» **Directions for this task**: Please write out exactly the lines of the data below from the line holding "Nunc dimittis 4-Part" through the line holding "24 QT Clear", and leave out the rest.

» **Dataset excerpts**:
- - - -
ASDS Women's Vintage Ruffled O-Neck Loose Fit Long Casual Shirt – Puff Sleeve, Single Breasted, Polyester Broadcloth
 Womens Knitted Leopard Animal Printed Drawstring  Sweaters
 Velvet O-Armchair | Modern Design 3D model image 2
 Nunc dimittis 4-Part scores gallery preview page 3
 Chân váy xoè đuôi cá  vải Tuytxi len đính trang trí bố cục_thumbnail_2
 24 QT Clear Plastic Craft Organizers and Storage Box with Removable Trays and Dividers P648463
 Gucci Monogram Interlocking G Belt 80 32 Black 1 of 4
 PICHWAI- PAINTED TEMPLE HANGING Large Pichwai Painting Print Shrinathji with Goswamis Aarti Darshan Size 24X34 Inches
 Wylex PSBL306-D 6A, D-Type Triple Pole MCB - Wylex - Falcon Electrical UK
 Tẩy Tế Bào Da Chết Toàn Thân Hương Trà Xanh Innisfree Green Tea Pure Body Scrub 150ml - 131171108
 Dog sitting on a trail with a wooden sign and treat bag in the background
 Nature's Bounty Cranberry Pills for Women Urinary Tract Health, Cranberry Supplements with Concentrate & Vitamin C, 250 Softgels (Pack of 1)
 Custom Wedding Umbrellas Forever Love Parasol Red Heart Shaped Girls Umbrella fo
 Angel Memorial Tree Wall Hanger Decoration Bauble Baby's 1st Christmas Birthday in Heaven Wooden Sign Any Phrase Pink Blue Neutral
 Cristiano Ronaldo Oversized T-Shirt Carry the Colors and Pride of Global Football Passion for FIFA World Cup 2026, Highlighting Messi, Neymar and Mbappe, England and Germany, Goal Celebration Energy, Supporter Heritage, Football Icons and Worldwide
- - - -
» **Response area**:
 Nunc dimittis 4-Part scores gallery preview page 3
 Chân váy xoè đuôi cá  vải Tuytxi len đính trang trí bố cục_thumbnail_2
 24 QT Clear Plastic Craft Organizers and Storage Box with Removable Trays and Dividers P648463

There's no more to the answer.